Dersim’i, lise yıllarımda okuduğum bir kitapta beynime kazımıştım-Barbaros Baykara’nın 1937–38 Dersim isyanı kitabında- Yıllar geçtikçe bu yaralı şehri daha da merak etmeye başladım. Dersim’i tanımak için o coğrafyayı gezip görmeniz gerekiyor. Sık ormanları, sarp dağları ve muhteşem kutsal Munzur Dağı… Dersim’i tanımanın, gezip görmekten başka yolu olamaz. Yaralı bir coğrafya, acı ve katliamların yaşandığı bir kent… Belki o yüzdendir Dersimlilerin yanık olur sesi. Okudukları her Zazaca türküde hüzün vardır. Dinledikçe o şarkıların sözleri, adeta tane tane yüreğe işleniyor. Dersim’in insanları son derece hümanist, aydın, kültürlü kişilerdir.
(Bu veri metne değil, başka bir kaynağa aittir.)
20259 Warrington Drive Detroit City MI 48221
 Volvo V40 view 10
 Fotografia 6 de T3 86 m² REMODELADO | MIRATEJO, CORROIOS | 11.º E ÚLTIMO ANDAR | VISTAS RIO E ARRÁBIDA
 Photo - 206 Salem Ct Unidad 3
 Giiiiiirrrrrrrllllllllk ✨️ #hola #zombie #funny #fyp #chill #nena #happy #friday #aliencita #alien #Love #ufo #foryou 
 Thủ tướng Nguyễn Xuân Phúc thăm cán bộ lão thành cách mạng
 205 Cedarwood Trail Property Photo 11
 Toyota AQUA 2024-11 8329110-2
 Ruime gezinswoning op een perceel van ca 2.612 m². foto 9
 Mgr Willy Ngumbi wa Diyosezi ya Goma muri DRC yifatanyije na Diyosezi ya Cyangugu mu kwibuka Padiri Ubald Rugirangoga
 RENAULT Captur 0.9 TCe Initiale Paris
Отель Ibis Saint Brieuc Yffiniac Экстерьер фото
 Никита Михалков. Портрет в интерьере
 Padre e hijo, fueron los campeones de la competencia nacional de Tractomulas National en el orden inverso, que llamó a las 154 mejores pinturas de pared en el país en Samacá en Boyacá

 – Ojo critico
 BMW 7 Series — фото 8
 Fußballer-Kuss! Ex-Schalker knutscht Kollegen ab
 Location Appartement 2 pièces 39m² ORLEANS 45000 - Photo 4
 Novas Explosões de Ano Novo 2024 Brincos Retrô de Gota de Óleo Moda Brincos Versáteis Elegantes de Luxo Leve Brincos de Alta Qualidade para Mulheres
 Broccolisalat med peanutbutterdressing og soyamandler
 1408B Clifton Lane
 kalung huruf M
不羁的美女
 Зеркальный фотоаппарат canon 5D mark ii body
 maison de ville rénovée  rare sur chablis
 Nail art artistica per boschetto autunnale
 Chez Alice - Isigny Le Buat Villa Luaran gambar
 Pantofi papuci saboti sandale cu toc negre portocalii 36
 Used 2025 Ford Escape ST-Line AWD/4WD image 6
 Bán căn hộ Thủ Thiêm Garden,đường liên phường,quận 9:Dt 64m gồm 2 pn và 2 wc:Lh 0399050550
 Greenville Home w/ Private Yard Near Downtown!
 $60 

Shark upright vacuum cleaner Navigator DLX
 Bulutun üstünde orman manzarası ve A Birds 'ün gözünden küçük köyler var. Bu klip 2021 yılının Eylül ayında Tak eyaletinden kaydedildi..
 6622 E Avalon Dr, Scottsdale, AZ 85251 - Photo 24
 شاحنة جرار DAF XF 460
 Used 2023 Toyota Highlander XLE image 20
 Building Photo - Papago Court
Türkiye okuma-yazma istatistiklerinde de en yüksek iller arasında yer alıyor. Nerdeyse her evde bir iki üniversite mezunu vardır. Her Dersimli, yaz tatilini, mutlaka gelir köy ve kasabasında geçirir. Munzur Gözelerinde gördüğüm bir ana, bana Dersim'in kayıp kızlarını anımsattı. O anayla konuştukça geçmişte yaşanılan dramın tanığı olduğunu tahmin etmem zor olmadı. 90 yaşında olmasına rağmen ayakta dimdik duruşu, yanık sesiyle söylediği bir Zazaca ezgi, beni gözyaşlarına boğdu. Benim, bu coğrafyada turistik gezilere çıkan dostlara bir önerim var; Karadeniz’e, Ege ye gideceğinize, Dersim’e gidin, o eşsiz coğrafyayı ve güzel yürekli insanları görün tanıyın.